Ci piaccia o no, la guerra scatenata dalla Russia contro l’Ucraina nel febbraio 2022 ha innescato una svolta negli equilibri del mondo. Le tensioni in Medio-oriente, al confine sud dell’Europa, hanno aggravato la situazione.

L’insediamento di Donald Trump alla Casa Bianca, nel gennaio 2025, ha portato un ulteriore scossone all’equilibrio mondiale, con un forte impatto sull’Europa ed i suoi Stati. Non ho bisogno di enumerare i proclami ed i contro proclami del Presidente Trump e del suo cerchio ristretto. I governi europei devono affrontare le sfide e prendere delle decisioni difficili, sapendo guardare al medio-lungo termine, piuttosto che ai sondaggi immediati ed avere la capacità di spiegare ai cittadini il senso di scelte che possono apparire nel breve termine impopolari.

Il mandato all’unanimità dato dagli Stati e dalla maggioranza del Parlamento europeo è un primo segnale che l’Europa è pronta a stare unita e cominciare a creare delle sinergie in materia di difesa. L’altro aspetto positivo, che traspare dal libro bianco, è che si comincia a costruire qualcosa partendo dagli Stati, con l’obiettivo di coordinare meglio la produzione e gli acquisti di materiale bellico, sviluppare una condivisione di informazione dei servizi di intelligence nazionali, lo stesso vale per la tecnologia le comunicazioni e cosi via.
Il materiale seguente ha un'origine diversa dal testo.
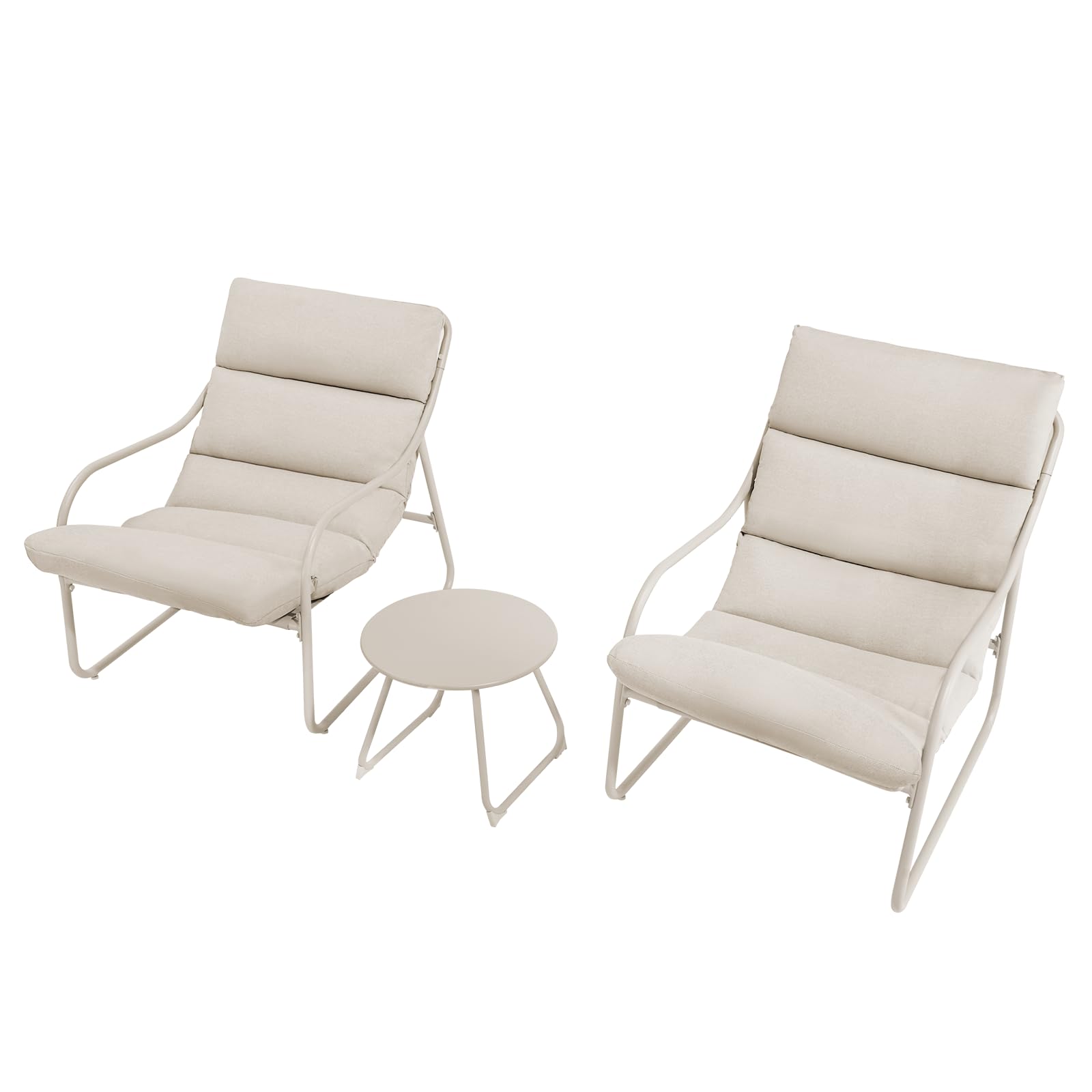 Natural Expressions Ensemble de Meubles de Balcon 3 Pièces, Ensemble de Meubles de Jardin Résistant aux Intempéries, Cadre en Aluminium, Tissu Textilène, Ensemble Style Bistro pour Patio, Beige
Una buona parte di queste iniziative, che vedremo meglio solo quando saranno presentate le proposte, saranno finanziate con debito comune garantito da tutti gli Stati. Sull’esempio di quanto fatto con il Next Generation EU. Questo piano, favorito dall’ allentamento delle regole del Patto di Stabilità, dovrebbe a termine consentire agli Stati Europei di essere più autonomi nella difesa del proprio territorio e dei propri valori, una prima risposta al disimpegno americano dalla difesa dell’Europa.

A questo, si deve segnalare la svolta in atto in Germania dove, sotto la guida del futuro cancelliere, Friederich Merz, sarà votata una riforma costituzionale per sopprimere il limite di spesa per finanziare spese legate alle infrastrutture all’ambiente ed alla difesa. Una vera e propria rivoluzione.

Seconda emergenza, quella del commercio. Il Presidente Trump ha iniziato ad introdurre dazi su molte merci importate, dando vita alle ritorsioni da parte dei paesi colpiti, creando di fatto un forte impoverimento dell’economia dei paesi (Europei e non) colpiti. Difficile dire a questo stadio tali dazi siano l’obiettivo finale del Presidente americano o solo una strategia negoziale, ma nei due casi questi atteggiamenti richiedono delle prese di posizione da parte dell’Europa, altrettanto forti. Con posizioni forti e decise sarà d’altra parte più facile negoziare.

Difficile dire se i leader europei sapranno essere solidali tra di loro nell’interesse di difendere la sovranità nazionale ed europea. È una grande opportunità ma non è sicuro che tutti sappiano coglierla. D’altra parte va ricordato che i Trattati europei prevedono la possibilità di portare avanti azioni con la cosiddetta “cooperazione rafforzata” (con la partecipazione di almeno nove stati) o in ultima analisi, attraverso accordi tra gli Stati, al di fuori del quadro giuridico dell’Unione Europea, come per esempio stanno facendo Francia ed Inghilterra per garantire il sostegno all’Ukraina (la coalizione dei volenterosi).

Per concludere, l’opinione pubblica dovrebbe essere cosciente che le sfide che abbiamo di fronte non riguardano gli altri ma noi stessi, la nostra libertà i nostri valori, non vogliamo lasciare ai nostri figli la scelta se vivere da sudditi americani o sudditi cinesi o russi ma di essere orgogliosamente europei con le nostre identità nazionali. Può essere motivo di ottimismo sapere che la generazione Erasmus è più avanti e questo lo ha già assimilato.